Configure VPC Service Controls

This page describes how to enable VPC Service Controls on a Cloud SQL project. Before you begin, review Overview of VPC Service Controls. Also review the Cloud SQL limitations when using VPC Service Controls.

Before you begin

  1. Sign in to your Google Cloud account. If you're new to Google Cloud, create an account to evaluate how our products perform in real-world scenarios. New customers also get $300 in free credits to run, test, and deploy workloads.
  2. In the Google Cloud console, on the project selector page, select or create a Google Cloud project.

    Go to project selector

  3. Make sure that billing is enabled for your Google Cloud project.

  4. In the Google Cloud console, on the project selector page, select or create a Google Cloud project.

    Go to project selector

  5. Make sure that billing is enabled for your Google Cloud project.

  6. Enable the Compute Engine API.

    Enable the API

  7. Enable the Service Networking API.

    Enable the API

  8. Add the Identity and Access Management (IAM) roles to the user or service account you are using to set up and administer VPC Service Controls. See IAM Roles for Administering VPC Service Controls.
  9. Review limitations when using VPC Service Controls with Cloud SQL.
  10. Optionally, add an organization policy that restricts public IP on instances in projects that use that policy. See Connection organization policies and Configuring the organization policy.

Configure the Virtual Private Cloud (VPC) network

Perform the steps in Setting up private connectivity to Google APIs and services.

Disallow or disable public IP for Cloud SQL instances

To constrain data within the VPC for your Cloud SQL project, do not allow connections to Cloud SQL instances from public IPs. IP-based connections bypass VPC Service Controls. You must also disable public IP for new and existing Cloud SQL instances within the VPC.

To either disallow or disable public IP on Cloud SQL instances:

  • Organization administrators can apply organization policies that disallow creating new instances with public IP. See Configure the organization policy.
  • Users who create Cloud SQL instances can configure the instances to use private IP instead of public IP. See Disable public IP.

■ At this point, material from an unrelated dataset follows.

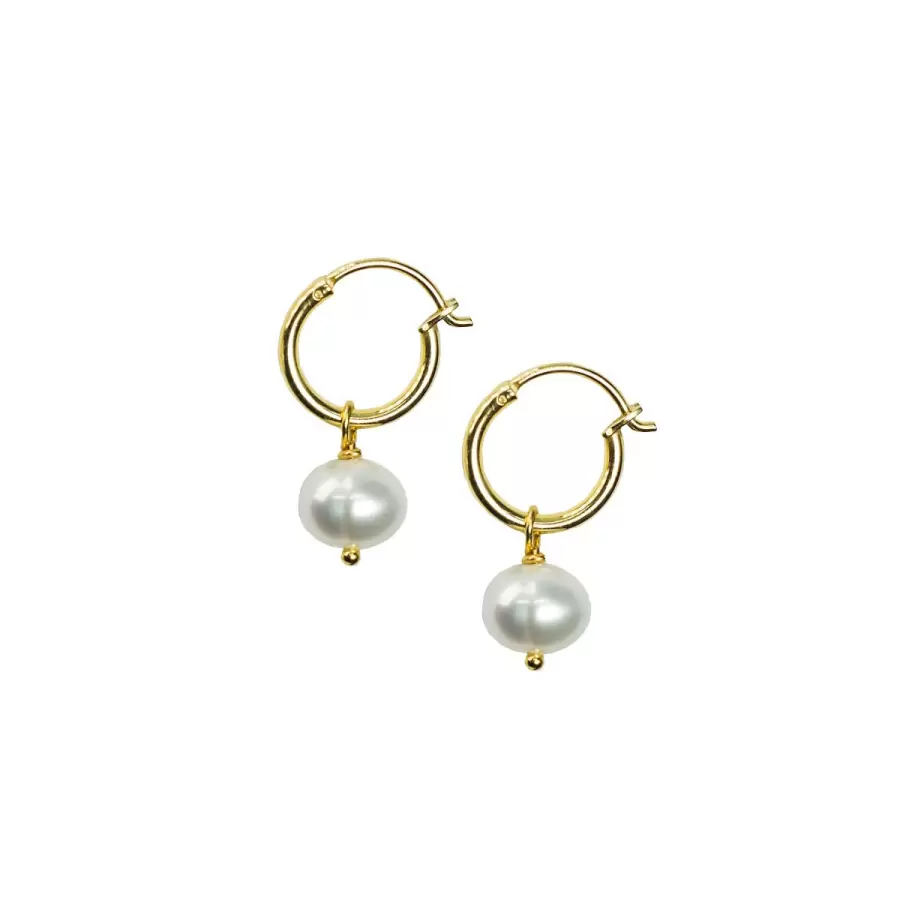 IBU Jewels - Øreringe Mini Hoop, Pearl
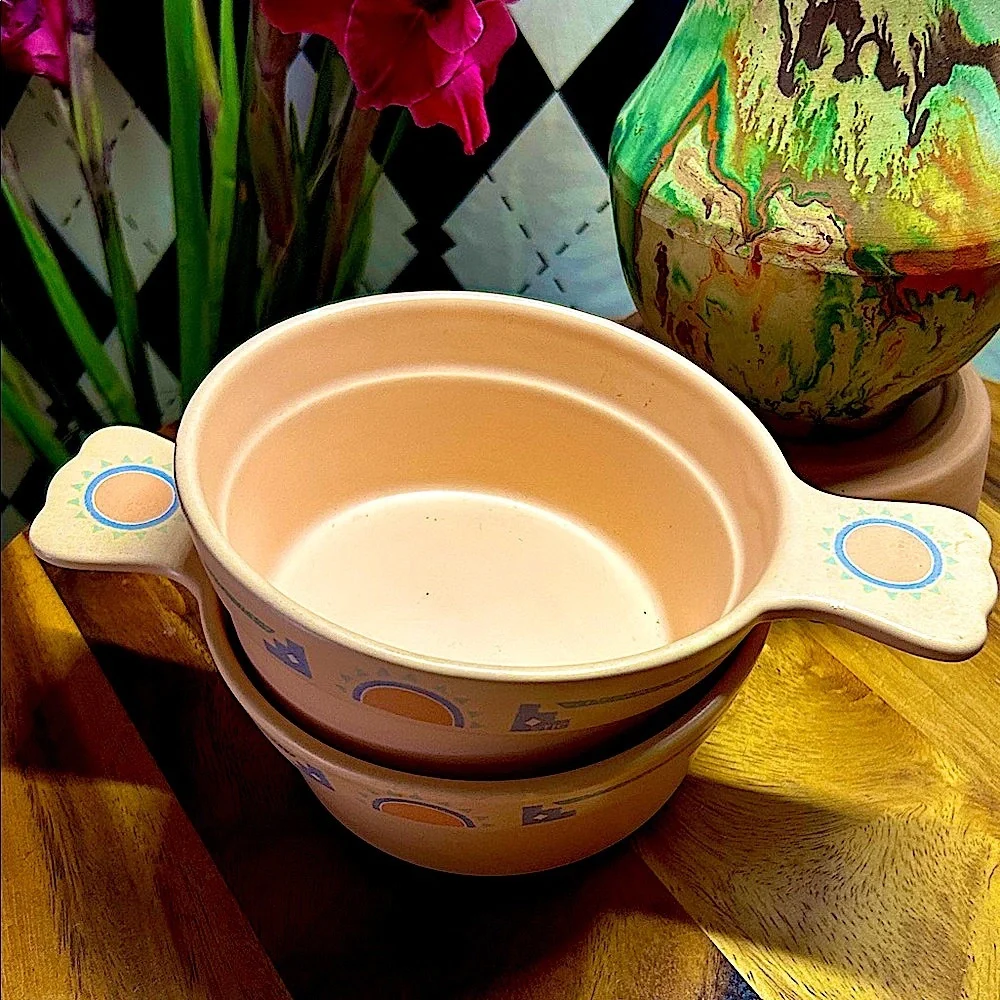 Vintage Southwestern Soup Bowls Pair Turquoise and Peach Desert‎ Decor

Create a service perimeter

During this procedure, you select the Cloud SQL projects that you want the VPC service perimeter to protect.

To create a service perimeter, follow the instructions in Creating a service perimeter.

Add more instances to the service perimeter

To add existing Cloud SQL projects to the perimeter, follow the instructions in Updating a service perimeter.

Add the Cloud SQL and Cloud Storage APIs to the service perimeter

To mitigate the risk of your data being exfiltrated from Cloud SQL, for example, using Cloud SQL import or export APIs, you must restrict both the Google Cloud SQL Admin API and the Google Cloud Storage API.

To add Cloud SQL and Cloud Storage APIs as restricted services:

Console

  1. In the Google Cloud console navigation menu, click Security, and then click VPC Service Controls.

    Go to the VPC Service Controls page

  2. On the VPC Service Controls page, in the table, click the name of the service perimeter that you want to modify.

  3. Click EDIT.

  4. On the Edit VPC Service Perimeter page, click ADD SERVICES.

  5. Add Cloud SQL Admin API and Cloud Storage API.

  6. Click Save.

gcloud

gcloud access-context-manager perimeters update PERIMETER_ID \
--policy=POLICY_ID \
--add-restricted-services=sqladmin.googleapis.com,storage.googleapis.com

Where:

  • PERIMETER_ID is the ID of the perimeter or the fully qualified identifier for the perimeter.
  • POLICY_ID is the ID of the access policy.

For reference information, see access-context-manager perimeters update.

Create an access level

Optionally, to permit external access to protected resources inside a perimeter, you can use access levels. Access levels apply only to requests for protected resources coming from outside the service perimeter. You can't use access levels to give protected resources or VMs permission to access data and services outside the perimeter.

See Allowing access to protected resources from outside a perimeter.